Sunset at Long Beach on Koh Lanta

Never refuse such a free, beautiful gift. After an epiphany a few years ago, I know better than to miss the sunsets here. I’ve seen the liquid blue of the Andaman pull that globe down pretty much every night. The sun accelerates, going for a cool dip, and then gets swallowed up in one final flash of brilliance. Venus pops in the west sky shortly thereafter, followed by the hunter Orion, who no doubt, fancies her.

When that sun drops over the corner of the earth, it promptly presents itself to my friends and family in the Eastern Timezone. Alarm clocks will go off shortly after – a terrifying thought.

Conversations

Boats parked on Koh Lanta

There are some impressive people floating among the flotsam of tourists and alcoholic crusties plodding around in Speedos. I’ve met many long-term residents here and a handful of vagabonds. Brilliant conversations tend to bloom quicker than at home. But not all are life changing. Some are just bloody funny. Here’s an actual conversation from three nights ago:

“There was a cobra at our bungalow tonight,” the friendly Dutch couple relates. A few interested faces looked up from the minimart table for a moment. The hiss of another cold bottle of Leo is the only sound for a few seconds.

Inside your actual bungalow or just hanging around?”

“Nah, it was just out front.” The Dutch guy sounded disappointed. I grin. Previous conversations resume and even the couple is already bored with the subject. Even potentially deadly snakes living in nearby proximity can’t phase the experienced folks here. Just another reason to love this place more.

Storms

Overlook on Koh Lanta

Only one other time have I seen such a lightening storm while stars were still visible: in Sumatra, just before a volcano climb the next morning. It consumed my laptop. This time I was smart enough to unplug and sit on the beach for the show. A monster the size of a skyscraper slithered across the sea. It looked like a dragon pulling a tail of clouds. A purple, forked tongue lapped at the water; I could hear the storm breathing in a steady rumble. An ethereal beast that came to put on a show for us sentients. Mesmerized, I couldn’t have run away if I wanted.

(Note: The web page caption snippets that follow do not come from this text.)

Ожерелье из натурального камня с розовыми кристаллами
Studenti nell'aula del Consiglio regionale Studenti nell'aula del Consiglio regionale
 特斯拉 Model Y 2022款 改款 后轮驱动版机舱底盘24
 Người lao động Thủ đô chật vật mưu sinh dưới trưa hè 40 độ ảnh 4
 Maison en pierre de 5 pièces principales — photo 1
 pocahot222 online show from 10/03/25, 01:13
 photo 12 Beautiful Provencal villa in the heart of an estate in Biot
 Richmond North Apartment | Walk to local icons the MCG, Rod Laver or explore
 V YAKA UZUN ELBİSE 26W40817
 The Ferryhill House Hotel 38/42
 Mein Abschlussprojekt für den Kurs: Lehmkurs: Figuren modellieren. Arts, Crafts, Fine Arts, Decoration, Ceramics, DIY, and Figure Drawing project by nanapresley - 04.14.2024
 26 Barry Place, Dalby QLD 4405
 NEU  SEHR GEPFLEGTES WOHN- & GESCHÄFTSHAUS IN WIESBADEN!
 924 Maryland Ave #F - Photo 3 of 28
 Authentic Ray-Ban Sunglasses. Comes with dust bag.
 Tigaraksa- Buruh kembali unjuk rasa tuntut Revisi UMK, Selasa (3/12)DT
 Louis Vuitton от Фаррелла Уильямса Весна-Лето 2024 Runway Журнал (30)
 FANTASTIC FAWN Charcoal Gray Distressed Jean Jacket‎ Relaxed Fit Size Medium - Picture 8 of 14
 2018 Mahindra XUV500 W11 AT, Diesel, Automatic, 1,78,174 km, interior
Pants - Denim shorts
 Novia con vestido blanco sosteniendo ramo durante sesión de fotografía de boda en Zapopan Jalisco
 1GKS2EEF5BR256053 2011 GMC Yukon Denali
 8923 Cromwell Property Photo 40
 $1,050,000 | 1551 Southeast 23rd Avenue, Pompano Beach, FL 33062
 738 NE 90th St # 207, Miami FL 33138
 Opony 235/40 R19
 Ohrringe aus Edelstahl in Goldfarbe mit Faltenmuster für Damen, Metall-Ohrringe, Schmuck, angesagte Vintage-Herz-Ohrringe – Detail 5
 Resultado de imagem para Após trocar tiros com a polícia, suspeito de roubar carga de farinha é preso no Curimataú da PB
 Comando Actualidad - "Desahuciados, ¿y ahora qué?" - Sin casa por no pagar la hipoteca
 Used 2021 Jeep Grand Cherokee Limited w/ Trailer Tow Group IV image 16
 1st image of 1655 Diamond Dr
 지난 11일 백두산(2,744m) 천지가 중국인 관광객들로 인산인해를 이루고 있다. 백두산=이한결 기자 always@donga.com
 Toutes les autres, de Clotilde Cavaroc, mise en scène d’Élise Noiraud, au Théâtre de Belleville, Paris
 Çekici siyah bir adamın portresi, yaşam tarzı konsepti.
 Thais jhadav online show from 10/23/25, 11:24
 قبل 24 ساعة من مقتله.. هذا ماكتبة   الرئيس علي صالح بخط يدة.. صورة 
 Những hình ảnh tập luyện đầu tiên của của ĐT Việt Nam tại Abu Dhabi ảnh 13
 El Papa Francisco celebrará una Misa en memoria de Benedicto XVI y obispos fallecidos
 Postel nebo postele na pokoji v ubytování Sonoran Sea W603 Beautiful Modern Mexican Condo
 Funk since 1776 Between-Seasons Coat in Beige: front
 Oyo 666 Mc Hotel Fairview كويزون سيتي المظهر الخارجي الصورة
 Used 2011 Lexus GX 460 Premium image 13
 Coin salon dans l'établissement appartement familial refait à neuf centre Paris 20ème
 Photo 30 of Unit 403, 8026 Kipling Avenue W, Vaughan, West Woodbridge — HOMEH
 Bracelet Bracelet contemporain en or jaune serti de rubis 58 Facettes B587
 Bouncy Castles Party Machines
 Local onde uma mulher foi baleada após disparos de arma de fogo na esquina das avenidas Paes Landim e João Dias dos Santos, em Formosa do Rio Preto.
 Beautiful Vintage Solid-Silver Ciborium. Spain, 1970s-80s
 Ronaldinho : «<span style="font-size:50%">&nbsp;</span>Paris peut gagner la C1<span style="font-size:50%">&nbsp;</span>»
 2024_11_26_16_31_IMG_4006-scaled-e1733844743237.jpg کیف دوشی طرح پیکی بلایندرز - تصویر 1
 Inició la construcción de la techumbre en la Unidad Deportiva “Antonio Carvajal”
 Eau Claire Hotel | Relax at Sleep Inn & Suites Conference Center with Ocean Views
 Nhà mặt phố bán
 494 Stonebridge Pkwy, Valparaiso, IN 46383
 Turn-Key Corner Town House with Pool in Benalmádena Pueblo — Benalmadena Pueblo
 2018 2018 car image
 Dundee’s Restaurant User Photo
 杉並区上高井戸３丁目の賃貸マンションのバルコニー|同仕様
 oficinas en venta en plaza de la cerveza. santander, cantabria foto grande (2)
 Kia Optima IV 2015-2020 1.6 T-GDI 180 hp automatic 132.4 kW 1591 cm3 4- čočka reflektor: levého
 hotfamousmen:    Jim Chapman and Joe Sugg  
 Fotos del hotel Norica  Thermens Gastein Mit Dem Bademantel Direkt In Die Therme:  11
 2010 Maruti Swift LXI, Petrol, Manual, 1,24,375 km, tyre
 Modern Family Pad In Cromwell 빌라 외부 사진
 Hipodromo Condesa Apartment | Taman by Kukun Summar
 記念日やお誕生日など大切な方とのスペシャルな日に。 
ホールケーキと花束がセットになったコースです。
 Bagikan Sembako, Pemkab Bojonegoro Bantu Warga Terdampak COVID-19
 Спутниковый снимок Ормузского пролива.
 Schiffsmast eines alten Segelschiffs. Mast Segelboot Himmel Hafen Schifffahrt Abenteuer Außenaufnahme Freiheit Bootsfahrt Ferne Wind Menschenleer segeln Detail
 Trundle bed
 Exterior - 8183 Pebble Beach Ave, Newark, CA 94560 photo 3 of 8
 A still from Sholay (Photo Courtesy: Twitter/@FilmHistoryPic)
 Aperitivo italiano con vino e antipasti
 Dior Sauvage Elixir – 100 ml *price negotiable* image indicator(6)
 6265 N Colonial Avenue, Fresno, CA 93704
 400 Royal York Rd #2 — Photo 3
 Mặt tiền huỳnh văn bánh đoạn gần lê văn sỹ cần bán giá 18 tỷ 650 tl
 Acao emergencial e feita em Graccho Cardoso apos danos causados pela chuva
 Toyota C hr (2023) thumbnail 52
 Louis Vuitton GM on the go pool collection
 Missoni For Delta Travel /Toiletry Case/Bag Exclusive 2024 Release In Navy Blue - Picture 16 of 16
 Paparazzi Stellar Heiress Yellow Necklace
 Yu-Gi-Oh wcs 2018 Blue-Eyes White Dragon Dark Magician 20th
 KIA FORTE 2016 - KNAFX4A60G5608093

We gripped the sand and didn’t dare move until the juggernaut crawled past just to the north. Someone really got theirs that night.

My Month on Long Beach

A beach on Koh Lanta, Thailand

(Note: This isn’t Long Beach on Koh Lanta, it’s a short drive away)

I danced plenty with Koh Lanta – my island sweetheart in this world. My sweat, skin, and blood are still all over this island. But along with a month of happy memories, I managed to kick a sizable dent into an upcoming book about unconventional people and the vagabonding lifestyle. It’ll be done when it’s done. I’m just the monkey on the keyboard…this thing is writing itself.

So come listen to the geckos bark. Give the phosphorescence a show of your own. Sweat under a pagan moon. Enjoy the hideous orgy of ants. Get your flip-flops stolen. Fall in love – at least with the sand beneath your feet. Grip that throttle and hold on tight. It’s easy to get a fever for life here. This is one special island that special people know can’t be forgotten.

I’ll certainly be back to Long Beach on Koh Lanta. It’s a home of mine. But until then, I’m returning north to Chiang Mai to do what I can to contribute to the madness of Songkran.

Back to the front; it’s my duty. There’s a sizable water cannon there with my name on it, along with a few moat parasites. Life is good!